◆ Aim of the exercise ◆
Each entry below is to be transcribed exactly; pictures are not copied.

Short web captions

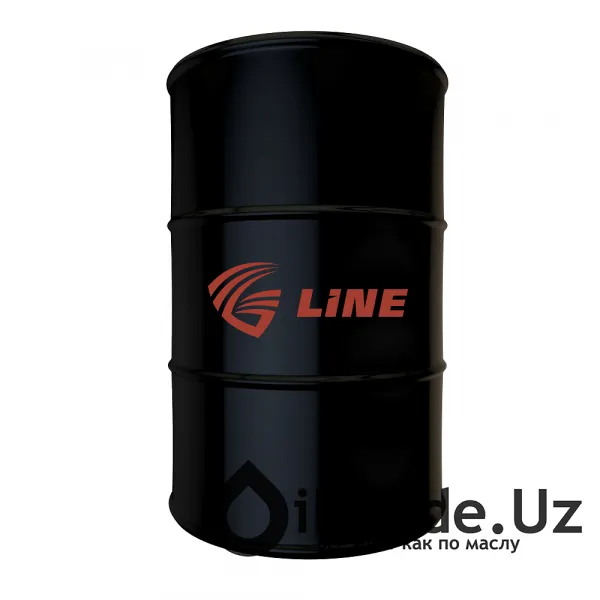Трансмиссионное масло 80W-90 GL-4/5 G Line Rigel U#1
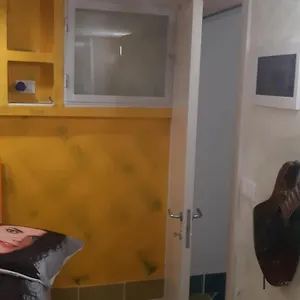  Apartament Airport Jackson Loft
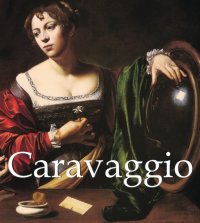 cover of the book Caravaggio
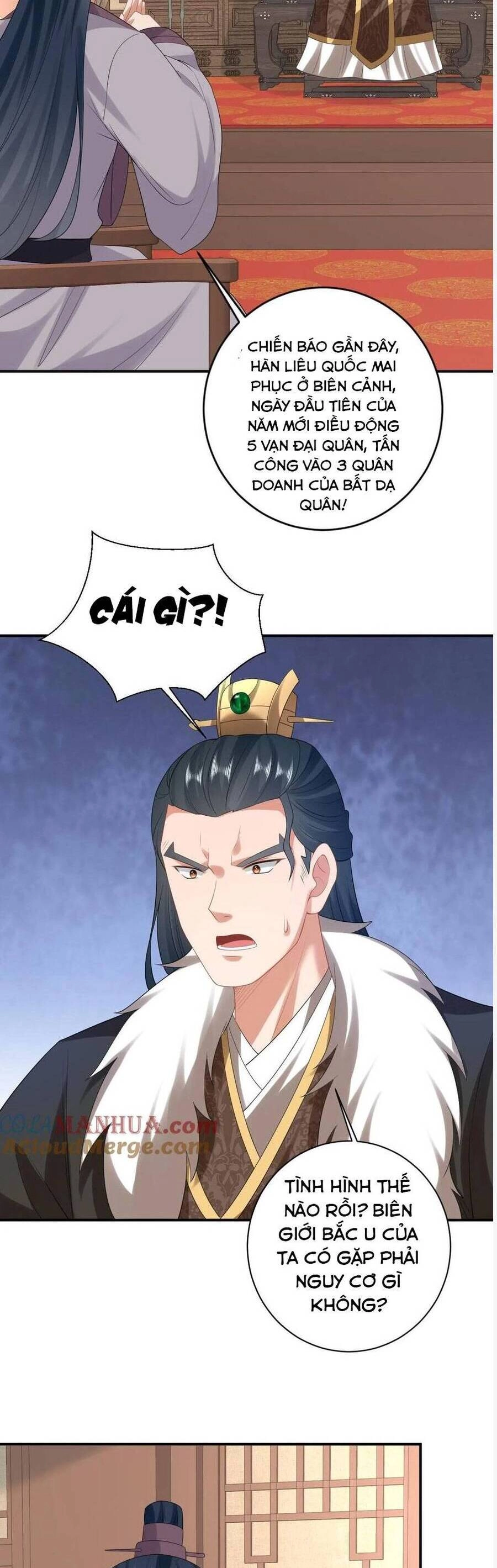 3 Kiếp Xui Xẻo, Kiếp Này Cùng Ta Thần Kinh Chapter 84 - 4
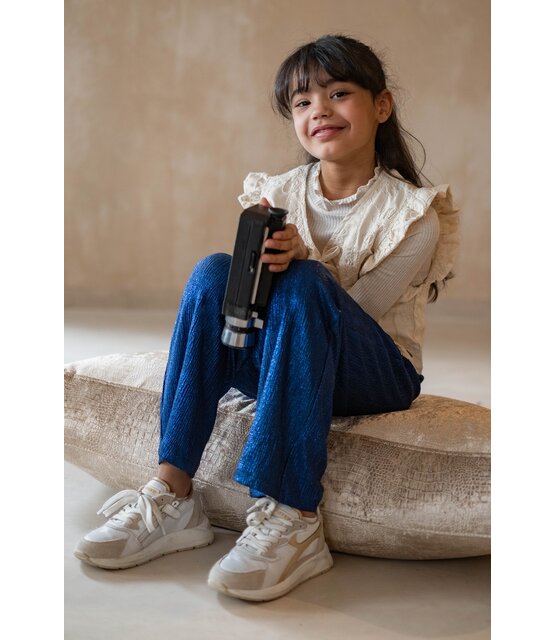 Like Flo Meisjes Broek Fenya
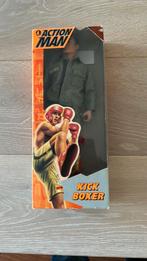 Action man Kickboxer, Verzamelen, Poppetjes en Figuurtjes, Ophalen of Verzenden, Nieuw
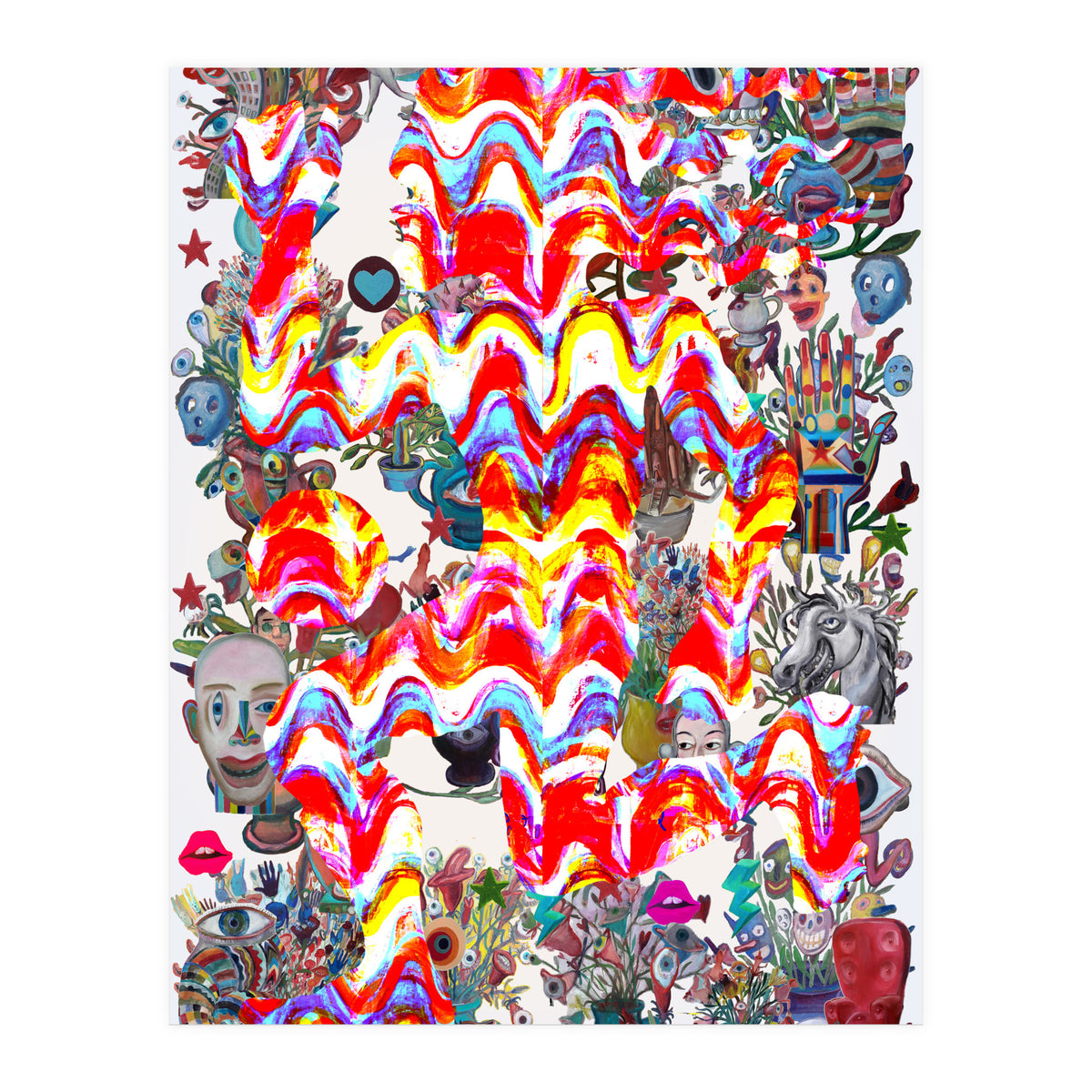 Jugador Nuevo 2023 13 (Print Only)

◆ Your solution ◆
Трансмиссионное масло 80W-90 GL-4/5 G Line Rigel U#1
  Apartament Airport Jackson Loft
 cover of the book Caravaggio
 3 Kiếp Xui Xẻo, Kiếp Này Cùng Ta Thần Kinh Chapter 84 - 4
 Like Flo Meisjes Broek Fenya
 Action man Kickboxer, Verzamelen, Poppetjes en Figuurtjes, Ophalen of Verzenden, Nieuw
 Jugador Nuevo 2023 13 (Print Only)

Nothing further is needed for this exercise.